* _Task requirements_
When writing out the listing below, reproduce every word exactly and skip the pictures.

* _Source data_

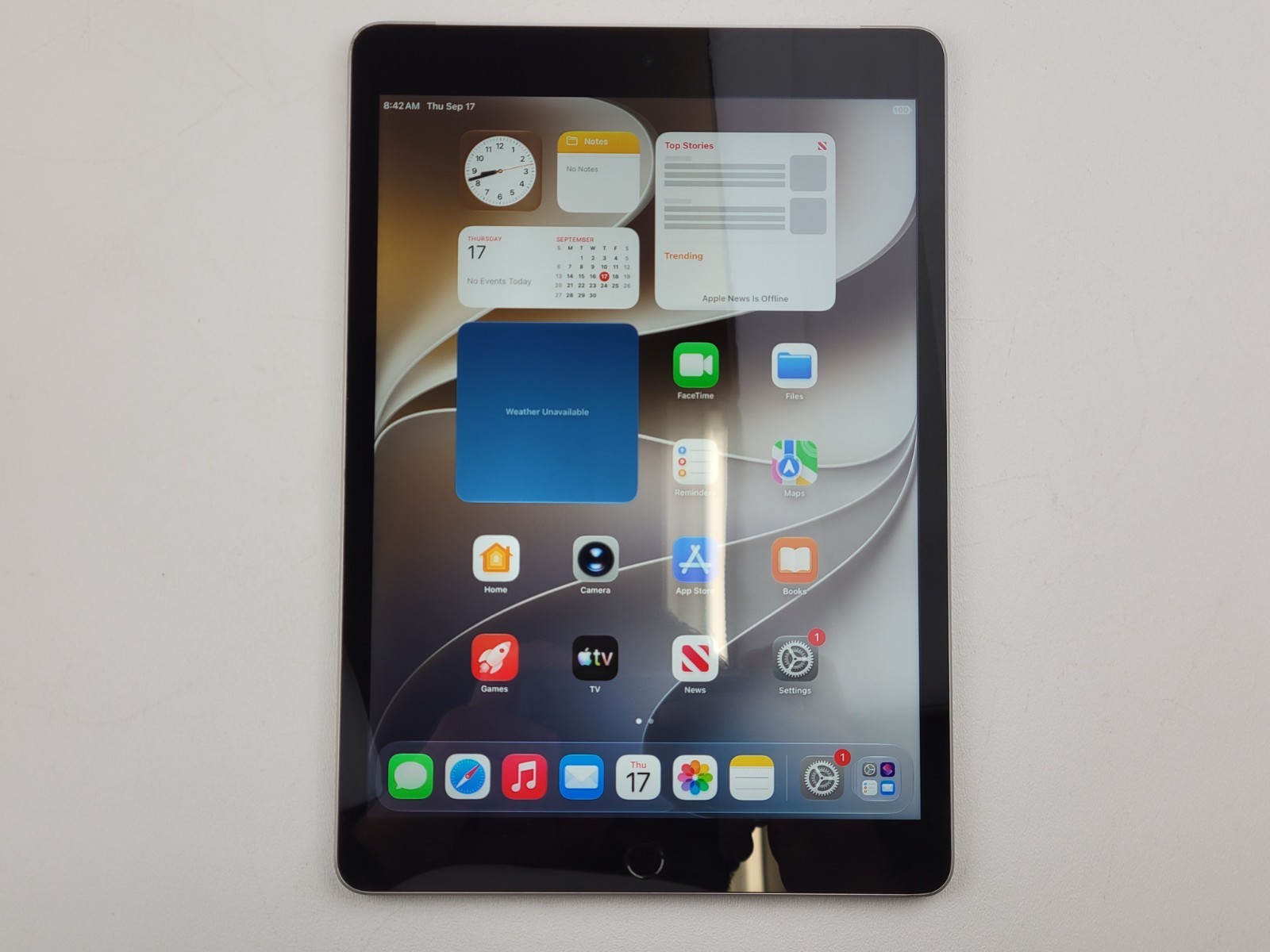 Apple iPad (9th Gen.) (A2603) 64GB, Wi-Fi + 4G (Unlocked) 10.2" Tablet - H9489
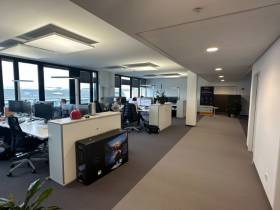 Exklusive Arbeitsplätze direkt am Bahnhof / Motorwelt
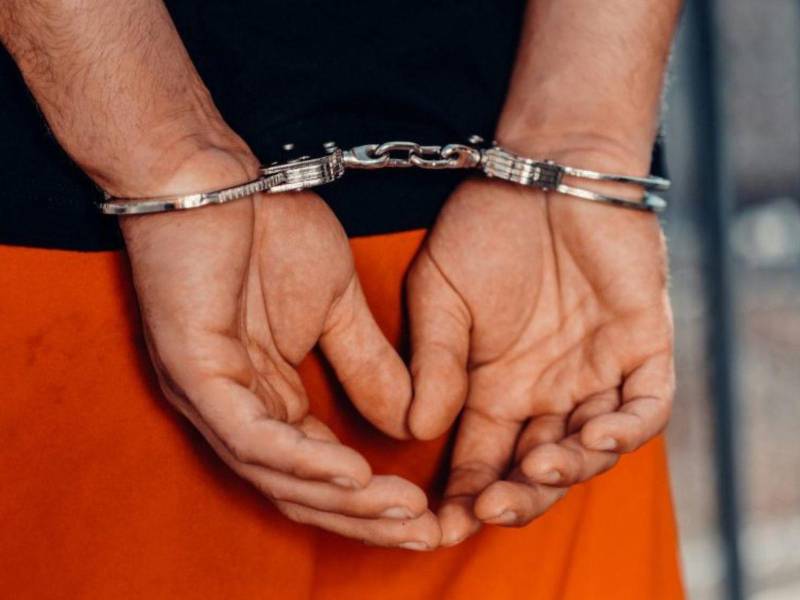 Imagen referencial de una persona detenida.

* _Response to the exercise_
 Apple iPad (9th Gen.) (A2603) 64GB, Wi-Fi + 4G (Unlocked) 10.2" Tablet - H9489
 Exklusive Arbeitsplätze direkt am Bahnhof / Motorwelt
 Imagen referencial de una persona detenida.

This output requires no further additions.